Amidst all the difficulties schools currently face, the results from the 2021 Progress in International Reading Literacy Study (PIRLS) released today are a ray of sunshine.
Only Singapore, Hong Kong and Russia – places that have long been lauded for educational excellence – are ahead of England in the PIRLS rankings now. This is because where Covid led to a decline in primary reading standards in most countries, in England they stayed steady – a huge achievement, given everything, especially the seemingly never-ending school closures and ongoing disruption.
We saw something similar with last summer’s Year 6 SATs results: attainment in maths and writing fell, but the percentage of pupils who met the ‘expected standard’ in reading actually went up, from 73% to 75%.
And last week the Education Policy Institute and Renaissance Learning released their latest analysis of how reading and maths standards are doing post-pandemic. It found that while maths is still behind where it was before, reading levels have now largely recovered (albeit, worryingly, with disadvantaged pupils further behind than before.)
Clearly then, something is going very right in England’s schools.
You might not expect this if you just listened to the arguments around funding, teacher pay, recruitment, workload, and so on. But it’s really important we all recognise the successes, because otherwise they’ll be cast aside for new, shiny things. And with a change of government looking likely some time next year, we’re entering a period of maximum risk that this will happen.
The triumph that is England’s reform of reading has been hard-won and taken time. It’s required consistency of policy and personnel – particularly at the ministerial level. (Yes, we’re looking at you, Nick Gibb.)
It’s also taken a huge amount of attention to detail as to how things are implemented, including the funding and creation of evidence-informed and validated systematic synthetic phonics (SSP) programmes, training for teachers, and a simple-to-administer ‘phonics screening check’.
Yet even with all that, and the ever-growing mountain of evidence that it actually works, there are still significant chunks of the education sector that are unwilling or unable to accept that SSP is the way to get kids off to a strong start, and that a knowledge-rich curriculum full of reading and writing is the way to get more kids fluent and knowledgeable.

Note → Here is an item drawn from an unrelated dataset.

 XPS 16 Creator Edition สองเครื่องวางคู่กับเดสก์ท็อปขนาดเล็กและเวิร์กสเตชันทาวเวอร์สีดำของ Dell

It’s why we still get ‘research’ from education faculties arguing for discredited ‘balanced instruction’ approaches, and why the biggest teaching union publishes articles arguing that learning through play can be just as effective for some.
And yet I’ve been told repeatedly by people in the know that we shouldn’t shout too loud about the school reform successes of the past decade, as it will make it harder for Labour to retain them if they form the next government. Apparently pointing out that it was Tories who pushed through SSP makes it tricky for Bridget Phillipson to say that a Labour government will keep it in the face of union opposition.

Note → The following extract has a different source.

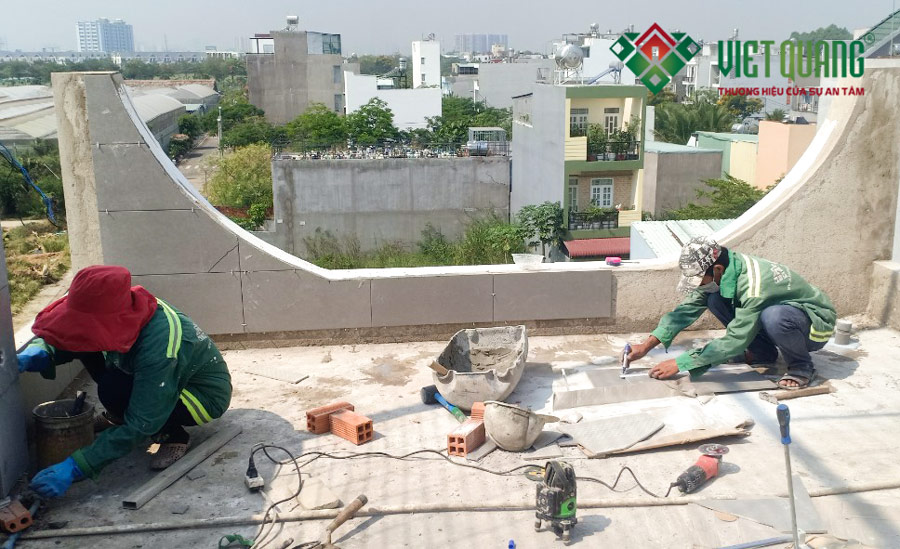 Đội thợ giỏi nghệ của Công ty Việt Quang Group đang thi công cắt gạch để ốp lát gạch tường trên sân thượng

I’m not sure about that. I don’t believe that Gove and Gibb were put off by the main advocates for a knowledge-rich curriculum being old-school lefties like ED Hirsch and Michael Young. Indeed, they revelled in the fact that there was support for their ideas from all kinds of thinkers, and that they were building on reforms started by others.
I’m confident that Phillipson and shadow minister Stephen Morgan are similar. They’re good people, and want the best for the nation’s children. I’ve no reason to doubt that they will stand up for what works, whether or not the NEU likes it.

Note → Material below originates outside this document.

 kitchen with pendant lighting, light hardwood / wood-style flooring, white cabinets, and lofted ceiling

More to the point, they have very little to lose by doubling down on the successful aspects of reform. It gains them credibility with those on the front line who actually know about stuff, as opposed to those criticising from the sidelines. And if they get into office and international measures continue to tell a good story, they can take the credit for that, whilst blaming the Evil Tories if things look less good.
But we shouldn’t take things for granted, and so those who are serious about education should demand clarity now from all political parties as to where they stand on the fundamentals.
Whether it’s reading instruction, curriculum depth, exam rigour, behaviour and exclusions, or a bunch of other important stuff – we need to know what politicians would do over the next five years, and exactly how they would do it – regardless of what they have advocated for before. If we can repeat the reading success elsewhere, we could have a string of PIRLS successes ahead of us.